Flipside of certain comments is Sweden retaking it's submarine industry back from the Germans.

Reliance on others, sharing with others depends on trust. Abuse that relationship and there are consequences.
 
Flipside of certain comments is Sweden retaking it's submarine industry back from the Germans.

Reliance on others, sharing with others depends on trust. Abuse that relationship and there are consequences.

The purchase of Karlskrona by the Germans was never really bigly popular anyway. Thyssen Krupp wanted to send all the submarine building back to Germany so they could employ Germans instead of Swedes. AIUI the Swedish Army sent in motor riflemen to forcibly retake some FMV documents from the shipyard after Thyssen-Krupp managers tried to lock a gate or something.

A good comparison is the purchase of GIAT by KMW and subsequent integration of the French and German land MICs OTOH.

Reliance on others depends on alignment of strategic objectives (lesser) and whether or not the partners exist in the same, or at least mutually beneficial, currency areas (greater). The United States and Mexico, like Germany/France and Czechia/Poland, are two regions whose economic qualities benefit each other mutually without interference, because they cover gaps for each other. The United States, France/Germany, and other high-income economies have expensive costs of labor. Mexico, Eastern Europe, and other middle income economies have low costs of labor and cheap real estate that make it easier for high incomes to invest in them.
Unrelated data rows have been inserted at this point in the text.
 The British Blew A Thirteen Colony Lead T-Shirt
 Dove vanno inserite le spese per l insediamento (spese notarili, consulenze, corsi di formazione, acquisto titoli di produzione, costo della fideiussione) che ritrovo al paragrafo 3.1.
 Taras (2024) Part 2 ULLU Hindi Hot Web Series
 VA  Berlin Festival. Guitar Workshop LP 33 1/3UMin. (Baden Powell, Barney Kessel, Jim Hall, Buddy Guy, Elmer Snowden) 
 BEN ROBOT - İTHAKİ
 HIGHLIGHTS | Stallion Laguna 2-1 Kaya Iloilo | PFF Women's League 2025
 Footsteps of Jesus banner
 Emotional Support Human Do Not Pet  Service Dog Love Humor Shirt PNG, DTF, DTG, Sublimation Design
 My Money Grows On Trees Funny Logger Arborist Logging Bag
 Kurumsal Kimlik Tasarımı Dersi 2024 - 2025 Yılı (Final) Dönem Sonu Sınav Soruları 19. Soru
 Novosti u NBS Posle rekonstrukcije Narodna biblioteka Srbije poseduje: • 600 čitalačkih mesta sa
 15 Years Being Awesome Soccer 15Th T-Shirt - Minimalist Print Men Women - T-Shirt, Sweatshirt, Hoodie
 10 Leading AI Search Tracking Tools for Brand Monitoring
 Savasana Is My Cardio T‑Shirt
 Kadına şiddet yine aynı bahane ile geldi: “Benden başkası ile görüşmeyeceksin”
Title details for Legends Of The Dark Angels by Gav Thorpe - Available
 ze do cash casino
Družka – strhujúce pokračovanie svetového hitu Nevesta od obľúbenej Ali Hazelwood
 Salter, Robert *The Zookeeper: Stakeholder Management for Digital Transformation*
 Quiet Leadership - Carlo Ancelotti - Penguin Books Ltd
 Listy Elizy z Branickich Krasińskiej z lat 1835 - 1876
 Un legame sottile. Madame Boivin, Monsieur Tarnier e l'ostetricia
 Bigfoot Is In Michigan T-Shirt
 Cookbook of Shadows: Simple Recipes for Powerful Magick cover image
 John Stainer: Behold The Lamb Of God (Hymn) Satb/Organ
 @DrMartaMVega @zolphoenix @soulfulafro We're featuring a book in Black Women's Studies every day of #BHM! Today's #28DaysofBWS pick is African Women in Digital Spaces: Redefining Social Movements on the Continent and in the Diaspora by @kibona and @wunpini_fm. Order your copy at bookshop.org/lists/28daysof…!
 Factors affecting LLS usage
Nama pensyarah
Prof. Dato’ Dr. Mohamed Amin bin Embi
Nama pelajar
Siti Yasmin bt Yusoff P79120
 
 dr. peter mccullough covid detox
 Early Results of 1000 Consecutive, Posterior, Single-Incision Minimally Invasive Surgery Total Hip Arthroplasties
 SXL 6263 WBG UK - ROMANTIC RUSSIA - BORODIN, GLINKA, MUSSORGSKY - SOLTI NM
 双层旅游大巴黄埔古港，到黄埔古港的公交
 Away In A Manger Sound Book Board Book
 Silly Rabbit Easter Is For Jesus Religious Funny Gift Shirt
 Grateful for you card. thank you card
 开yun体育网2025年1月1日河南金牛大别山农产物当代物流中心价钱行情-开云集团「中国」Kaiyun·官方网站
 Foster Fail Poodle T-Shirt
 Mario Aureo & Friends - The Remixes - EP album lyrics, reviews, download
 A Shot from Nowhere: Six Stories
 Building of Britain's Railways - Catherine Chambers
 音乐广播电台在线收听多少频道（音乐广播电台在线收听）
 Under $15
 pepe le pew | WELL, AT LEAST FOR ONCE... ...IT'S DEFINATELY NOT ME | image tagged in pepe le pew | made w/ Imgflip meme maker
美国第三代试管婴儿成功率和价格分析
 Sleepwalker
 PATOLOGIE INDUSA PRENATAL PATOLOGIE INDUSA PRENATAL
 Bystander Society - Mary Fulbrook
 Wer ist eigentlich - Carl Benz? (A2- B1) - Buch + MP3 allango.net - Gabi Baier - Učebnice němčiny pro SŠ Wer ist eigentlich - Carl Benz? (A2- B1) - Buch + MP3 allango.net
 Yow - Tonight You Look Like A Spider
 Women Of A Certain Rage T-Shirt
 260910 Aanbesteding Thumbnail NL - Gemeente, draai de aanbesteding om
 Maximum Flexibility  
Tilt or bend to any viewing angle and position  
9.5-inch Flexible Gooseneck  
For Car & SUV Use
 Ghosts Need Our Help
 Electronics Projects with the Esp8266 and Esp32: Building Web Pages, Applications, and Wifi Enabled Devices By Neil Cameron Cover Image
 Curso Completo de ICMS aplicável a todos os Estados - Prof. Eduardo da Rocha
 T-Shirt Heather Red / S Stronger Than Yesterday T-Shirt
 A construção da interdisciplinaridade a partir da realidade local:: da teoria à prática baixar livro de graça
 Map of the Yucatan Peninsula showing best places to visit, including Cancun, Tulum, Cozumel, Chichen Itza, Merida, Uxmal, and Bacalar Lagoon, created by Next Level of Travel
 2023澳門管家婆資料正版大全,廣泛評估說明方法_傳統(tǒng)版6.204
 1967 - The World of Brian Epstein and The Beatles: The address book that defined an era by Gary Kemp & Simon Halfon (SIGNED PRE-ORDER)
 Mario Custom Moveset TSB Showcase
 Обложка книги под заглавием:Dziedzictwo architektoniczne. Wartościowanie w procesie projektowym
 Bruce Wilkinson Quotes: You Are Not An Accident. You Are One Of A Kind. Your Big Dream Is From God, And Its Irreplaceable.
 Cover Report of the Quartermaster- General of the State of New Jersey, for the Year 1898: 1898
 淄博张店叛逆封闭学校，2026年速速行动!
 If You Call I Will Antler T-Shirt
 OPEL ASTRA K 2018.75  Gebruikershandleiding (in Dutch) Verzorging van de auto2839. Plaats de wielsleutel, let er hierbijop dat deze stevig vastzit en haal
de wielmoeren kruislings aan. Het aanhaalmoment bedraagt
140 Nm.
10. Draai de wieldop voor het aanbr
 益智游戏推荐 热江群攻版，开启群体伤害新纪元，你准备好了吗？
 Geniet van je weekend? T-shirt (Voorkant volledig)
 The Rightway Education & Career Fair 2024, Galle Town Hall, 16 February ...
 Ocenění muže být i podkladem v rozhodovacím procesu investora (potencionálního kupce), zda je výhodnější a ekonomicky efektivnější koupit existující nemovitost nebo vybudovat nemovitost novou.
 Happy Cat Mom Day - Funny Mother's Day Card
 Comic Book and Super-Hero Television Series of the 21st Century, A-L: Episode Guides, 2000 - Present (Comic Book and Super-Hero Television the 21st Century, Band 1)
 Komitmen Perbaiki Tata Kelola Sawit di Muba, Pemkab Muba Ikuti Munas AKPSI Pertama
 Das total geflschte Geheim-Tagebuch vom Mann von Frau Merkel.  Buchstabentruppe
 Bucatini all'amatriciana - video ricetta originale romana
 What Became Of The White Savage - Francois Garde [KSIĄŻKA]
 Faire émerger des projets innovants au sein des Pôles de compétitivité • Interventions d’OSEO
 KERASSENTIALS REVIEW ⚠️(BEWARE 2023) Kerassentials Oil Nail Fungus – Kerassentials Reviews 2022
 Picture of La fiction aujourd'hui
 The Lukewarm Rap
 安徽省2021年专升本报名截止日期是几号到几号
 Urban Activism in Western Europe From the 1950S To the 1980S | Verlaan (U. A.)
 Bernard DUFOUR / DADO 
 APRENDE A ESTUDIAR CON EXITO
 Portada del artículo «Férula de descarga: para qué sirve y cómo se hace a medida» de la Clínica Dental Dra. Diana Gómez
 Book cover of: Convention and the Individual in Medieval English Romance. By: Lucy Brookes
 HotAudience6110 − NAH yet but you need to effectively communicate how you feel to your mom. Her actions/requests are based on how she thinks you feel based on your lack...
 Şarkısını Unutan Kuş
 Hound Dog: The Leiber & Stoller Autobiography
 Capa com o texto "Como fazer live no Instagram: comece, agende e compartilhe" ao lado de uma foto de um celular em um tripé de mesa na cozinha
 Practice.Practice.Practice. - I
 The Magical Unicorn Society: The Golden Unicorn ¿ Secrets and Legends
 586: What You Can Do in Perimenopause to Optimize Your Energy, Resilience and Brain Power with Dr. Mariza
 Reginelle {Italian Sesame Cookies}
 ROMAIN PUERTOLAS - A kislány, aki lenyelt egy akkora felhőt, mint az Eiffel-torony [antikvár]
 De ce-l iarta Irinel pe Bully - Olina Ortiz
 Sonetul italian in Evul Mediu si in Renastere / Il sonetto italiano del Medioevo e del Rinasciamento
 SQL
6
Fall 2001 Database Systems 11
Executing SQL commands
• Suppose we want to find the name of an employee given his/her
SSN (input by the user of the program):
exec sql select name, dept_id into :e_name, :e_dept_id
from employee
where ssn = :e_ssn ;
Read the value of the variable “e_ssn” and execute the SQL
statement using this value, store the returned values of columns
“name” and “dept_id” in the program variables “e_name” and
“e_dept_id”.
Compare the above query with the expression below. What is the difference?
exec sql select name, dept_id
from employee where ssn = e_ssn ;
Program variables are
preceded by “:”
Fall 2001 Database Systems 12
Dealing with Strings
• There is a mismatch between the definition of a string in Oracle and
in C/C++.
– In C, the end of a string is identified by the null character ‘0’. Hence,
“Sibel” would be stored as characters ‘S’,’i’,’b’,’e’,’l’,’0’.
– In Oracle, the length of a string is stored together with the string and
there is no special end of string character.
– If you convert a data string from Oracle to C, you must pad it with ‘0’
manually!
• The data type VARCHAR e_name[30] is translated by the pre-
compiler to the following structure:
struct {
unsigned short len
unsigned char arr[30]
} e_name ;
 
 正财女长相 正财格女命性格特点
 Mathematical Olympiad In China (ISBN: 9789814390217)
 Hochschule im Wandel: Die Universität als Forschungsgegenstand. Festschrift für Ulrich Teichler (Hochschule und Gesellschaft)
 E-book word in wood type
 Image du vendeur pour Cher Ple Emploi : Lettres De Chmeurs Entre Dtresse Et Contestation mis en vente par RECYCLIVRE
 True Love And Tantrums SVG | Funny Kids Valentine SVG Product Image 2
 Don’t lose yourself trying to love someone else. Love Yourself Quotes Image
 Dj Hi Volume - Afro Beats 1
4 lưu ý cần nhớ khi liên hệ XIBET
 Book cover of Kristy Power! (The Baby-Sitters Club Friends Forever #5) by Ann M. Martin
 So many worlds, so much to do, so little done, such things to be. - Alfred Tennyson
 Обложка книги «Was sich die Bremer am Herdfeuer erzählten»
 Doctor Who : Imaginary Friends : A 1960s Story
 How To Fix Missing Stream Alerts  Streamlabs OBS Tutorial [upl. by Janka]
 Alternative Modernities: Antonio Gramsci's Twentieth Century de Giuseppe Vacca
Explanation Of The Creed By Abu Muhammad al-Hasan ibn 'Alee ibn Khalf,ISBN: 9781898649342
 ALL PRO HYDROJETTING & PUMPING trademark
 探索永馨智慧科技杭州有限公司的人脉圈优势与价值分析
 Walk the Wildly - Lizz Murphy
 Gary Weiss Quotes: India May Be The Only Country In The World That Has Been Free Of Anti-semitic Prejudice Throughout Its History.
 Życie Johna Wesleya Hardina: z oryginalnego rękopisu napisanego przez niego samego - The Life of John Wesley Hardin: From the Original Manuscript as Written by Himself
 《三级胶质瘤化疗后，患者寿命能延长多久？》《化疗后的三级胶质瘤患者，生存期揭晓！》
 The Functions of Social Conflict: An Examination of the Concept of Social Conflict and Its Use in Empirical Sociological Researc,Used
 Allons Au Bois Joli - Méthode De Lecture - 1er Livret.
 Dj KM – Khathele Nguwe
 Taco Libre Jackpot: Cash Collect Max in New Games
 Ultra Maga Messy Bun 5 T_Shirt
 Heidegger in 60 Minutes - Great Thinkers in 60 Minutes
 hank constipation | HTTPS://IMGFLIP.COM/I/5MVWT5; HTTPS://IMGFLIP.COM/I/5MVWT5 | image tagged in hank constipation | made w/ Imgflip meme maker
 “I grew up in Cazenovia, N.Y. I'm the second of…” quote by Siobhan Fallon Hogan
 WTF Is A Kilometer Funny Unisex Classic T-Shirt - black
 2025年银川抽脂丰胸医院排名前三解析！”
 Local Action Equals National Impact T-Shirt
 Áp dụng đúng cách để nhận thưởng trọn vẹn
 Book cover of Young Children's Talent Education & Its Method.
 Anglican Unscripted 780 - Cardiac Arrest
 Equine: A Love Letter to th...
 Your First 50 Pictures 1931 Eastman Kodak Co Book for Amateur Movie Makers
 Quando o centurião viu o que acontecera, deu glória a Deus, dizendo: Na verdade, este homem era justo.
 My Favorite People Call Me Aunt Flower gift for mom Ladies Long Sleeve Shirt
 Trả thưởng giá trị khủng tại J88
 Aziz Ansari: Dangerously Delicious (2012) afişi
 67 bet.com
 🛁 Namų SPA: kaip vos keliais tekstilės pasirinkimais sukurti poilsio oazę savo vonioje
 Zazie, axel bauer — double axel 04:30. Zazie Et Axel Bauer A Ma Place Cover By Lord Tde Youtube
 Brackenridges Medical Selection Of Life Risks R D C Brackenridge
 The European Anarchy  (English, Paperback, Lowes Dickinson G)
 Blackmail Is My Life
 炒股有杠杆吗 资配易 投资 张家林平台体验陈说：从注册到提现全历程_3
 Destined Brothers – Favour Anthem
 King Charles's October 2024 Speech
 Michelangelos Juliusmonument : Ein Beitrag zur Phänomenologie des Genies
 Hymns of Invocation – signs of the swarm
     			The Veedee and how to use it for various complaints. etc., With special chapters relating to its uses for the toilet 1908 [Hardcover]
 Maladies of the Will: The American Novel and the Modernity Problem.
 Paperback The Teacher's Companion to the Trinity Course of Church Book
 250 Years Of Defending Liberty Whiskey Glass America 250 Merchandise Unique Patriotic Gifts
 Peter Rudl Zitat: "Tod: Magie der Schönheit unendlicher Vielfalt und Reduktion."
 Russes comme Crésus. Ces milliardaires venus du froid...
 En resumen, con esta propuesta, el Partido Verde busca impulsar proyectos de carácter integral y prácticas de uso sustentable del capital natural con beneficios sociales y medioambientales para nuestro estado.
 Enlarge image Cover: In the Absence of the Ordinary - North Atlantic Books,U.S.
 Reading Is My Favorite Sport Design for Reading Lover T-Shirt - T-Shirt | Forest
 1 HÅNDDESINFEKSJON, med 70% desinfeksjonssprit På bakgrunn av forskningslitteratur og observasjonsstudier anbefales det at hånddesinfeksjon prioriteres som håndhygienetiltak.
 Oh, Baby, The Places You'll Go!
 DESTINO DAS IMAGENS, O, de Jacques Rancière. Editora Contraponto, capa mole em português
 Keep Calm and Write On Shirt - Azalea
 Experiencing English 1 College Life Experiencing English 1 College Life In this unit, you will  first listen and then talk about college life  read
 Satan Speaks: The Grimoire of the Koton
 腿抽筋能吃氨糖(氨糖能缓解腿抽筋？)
France and Germany's beneficial alignment versus Sweden and Germany's, which is more comparable to the Swedish-UK arms alignment, is generally due to Sweden having competitive edges in the submarine market vis-a-vis Germany. France has no competitive edges in armored vehicles, but Airbus Defense and Space would be extremely hard pressed to acquire Dassault. Because France has an edge in aviation relative to Germany's more primitive aviation industry.

Germany wants to sell T216s more than it wants to make Eurofighter 2 though, so the grab of Karlskrona was an anti-competitive move that ultimately failed.

Reliance on international cooperation is not inherently bad (look at Franco-Italian naval cooperation or Franco-German land AFV cooperation), it's just bad in a market where you're cooperating with direct competitors. If you have a choice between reliance on a competent and willing ally who will not flake, and resurrecting an industry ex nihilo, the former is superior. If your choice is reliance on a competitor, or resurrection ex nihilo, the latter is superior but a very bitter pill regardless. Which is why the UK is buying JSF, and building them, while learning to make Tempest. It is also why Japan made F-2 and bought F-15J, and is making F-3. The United States is not flaky, has a highly robust aviation industry, and is willing to prop up sovereign domestic markets in exchange for work because it has an extremely large domestic market in itself. It's also why Sweden sent trucks full of motor riflemen to Karlskrona to stop the Germans from stealing submarine secrets.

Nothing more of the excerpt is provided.